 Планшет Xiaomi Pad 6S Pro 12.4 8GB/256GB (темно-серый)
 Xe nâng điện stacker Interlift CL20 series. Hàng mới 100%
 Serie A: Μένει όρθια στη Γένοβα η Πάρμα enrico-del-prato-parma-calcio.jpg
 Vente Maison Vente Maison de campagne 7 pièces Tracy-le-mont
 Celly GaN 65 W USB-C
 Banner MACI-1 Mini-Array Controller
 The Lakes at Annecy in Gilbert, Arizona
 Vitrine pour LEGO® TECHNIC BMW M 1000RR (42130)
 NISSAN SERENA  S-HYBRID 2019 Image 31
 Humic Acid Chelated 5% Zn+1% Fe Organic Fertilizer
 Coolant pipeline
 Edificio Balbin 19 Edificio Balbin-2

---

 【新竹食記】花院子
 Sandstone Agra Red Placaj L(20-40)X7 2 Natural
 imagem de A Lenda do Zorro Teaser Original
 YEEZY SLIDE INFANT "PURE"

#### Exercise brief
In the records above, the line with "Планшет Xiaomi Pad" marks the start and the line with "Edificio Balbin 19 Edificio Balbin-2" marks the end; copy that stretch exactly, both lines included, and nothing else.

#### Task answer
 Планшет Xiaomi Pad 6S Pro 12.4 8GB/256GB (темно-серый)
 Xe nâng điện stacker Interlift CL20 series. Hàng mới 100%
 Serie A: Μένει όρθια στη Γένοβα η Πάρμα enrico-del-prato-parma-calcio.jpg
 Vente Maison Vente Maison de campagne 7 pièces Tracy-le-mont
 Celly GaN 65 W USB-C
 Banner MACI-1 Mini-Array Controller
 The Lakes at Annecy in Gilbert, Arizona
 Vitrine pour LEGO® TECHNIC BMW M 1000RR (42130)
 NISSAN SERENA  S-HYBRID 2019 Image 31
 Humic Acid Chelated 5% Zn+1% Fe Organic Fertilizer
 Coolant pipeline
 Edificio Balbin 19 Edificio Balbin-2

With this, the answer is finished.